In nature, a crossing of a foreign and a domestic produces a Hybrid…it is not an “indigenous” species, so neither is Barack Jr. an indigenous or US natural born citizen, even if he were born in the US (which two high officials in the nation of Kenya, and Nairobi’s own media disputes, citing Kenya as the place where Obama Jr. was born).
Thus, the Obama ancestry and natural born or indigenous attachment follows the father, and Barack Obama (regardless of what his forged short form Birth Certification says) is US Constitutionally INELIGIBLE to the US Presidency, and is guilty of High Crimes and Misdemeanors as a USURPER of the office which he now possesses and/or occupies.
I hope I have helped readers to 'discover" or "rediscover" what "natural born citizen" meant and was understood as by the Founding Father's of the United States of America, some of whom very likely read such Greek works as mentioned and cited above.
Yesterday, I was checking back with the writings of the ancient Greeks and how they would have viewed the citizenship issue with regards to the NBC, and how certain of the Founding Fathers may have been influenced in regards to their writings.
But let me start with how Liddell, Henry George ; Robert Scott; A Greek-English Lexicon, (Revised by Henry Stuart Jones and Roderick McKenzie) Oxford. Clarendon Press. 1940...defines the ancient Greek word autochthon αὐτό-χθων as:
"Sprung from the land itself" and as the adjective "indigenous, native".
Herodotus, in his "Histories", uses autochthon in the sense of both original and ancient. Hence, one who is native and of long standing in the land...often in the sense of ages and many centuries before others came and attached themselves or pushed out those that preceded them.
Herodotus, The Histories, 1.171.5
A. D. Godley. Cambridge. Harvard University Press. 1920, translates as:
“…the Carians themselves do not subscribe to it, but believe that they are aboriginal inhabitants of the mainland and always bore the name which they bear now.”
The relevant Greek text reads αὐτόχθονας for the English translation of aboriginal. Later in the same translation of Herodotus, The Histories, 4.197.2, the Greek text reads:
αὐτόχθονα and αὐτόχθονες for the below translations as aboriginal
[2] I have this much further to say of this country: four nations and no more, as far as we know, inhabit it, two of which are aboriginal and two not; the Libyans in the north and the Ethiopians in the south of Libya are aboriginal; the Phoenicians and Greeks are later settlers.

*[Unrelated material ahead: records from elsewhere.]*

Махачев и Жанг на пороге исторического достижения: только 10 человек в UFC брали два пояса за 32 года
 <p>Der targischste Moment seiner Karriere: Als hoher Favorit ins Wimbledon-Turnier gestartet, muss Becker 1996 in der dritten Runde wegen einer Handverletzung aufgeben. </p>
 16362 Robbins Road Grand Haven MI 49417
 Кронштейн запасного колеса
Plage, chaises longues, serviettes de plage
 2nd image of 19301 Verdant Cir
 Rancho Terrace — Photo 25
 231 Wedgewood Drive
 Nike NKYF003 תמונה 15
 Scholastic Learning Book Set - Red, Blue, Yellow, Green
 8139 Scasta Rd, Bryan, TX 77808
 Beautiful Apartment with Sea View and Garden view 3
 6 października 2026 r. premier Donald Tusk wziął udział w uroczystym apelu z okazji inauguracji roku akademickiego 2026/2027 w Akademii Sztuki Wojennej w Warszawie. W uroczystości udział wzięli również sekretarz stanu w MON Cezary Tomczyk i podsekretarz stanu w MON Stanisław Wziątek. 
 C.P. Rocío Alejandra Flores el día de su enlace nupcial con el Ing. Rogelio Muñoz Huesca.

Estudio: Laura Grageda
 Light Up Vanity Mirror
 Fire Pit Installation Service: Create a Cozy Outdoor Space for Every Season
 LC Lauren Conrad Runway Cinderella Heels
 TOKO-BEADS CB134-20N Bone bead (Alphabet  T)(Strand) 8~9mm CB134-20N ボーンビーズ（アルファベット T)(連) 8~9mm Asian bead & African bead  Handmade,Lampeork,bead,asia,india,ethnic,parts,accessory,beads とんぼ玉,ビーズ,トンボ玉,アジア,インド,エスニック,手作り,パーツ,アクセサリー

When looking to Plato for advice, we see that he places the emphasis on a plural of fathers (2 forefather generations or more) that are required to be born in the land as well as the one born, or 3 generations born on the soil, to be called indigenous or "natural born" stock. It is a nuance most people miss in the first reading.
Plato, in Menexenus 237b - 237c, states:
[237b]: "… thereafter we shall exhibit the character of their exploits, how nobly and worthily they wrought them. Now as regards nobility of birth, their first claim thereto is this -- that the forefathers of these men were not of immigrant stock, nor were these their sons declared by their origin to be strangers in the land sprung from immigrants, but natives sprung from the soil living and dwelling in their own true fatherland; and nurtured also by no stepmother, like other folk, but by that mother-country [237c] wherein they dwelt, which bare them and reared them and now at their death receives them again to rest in their own abodes.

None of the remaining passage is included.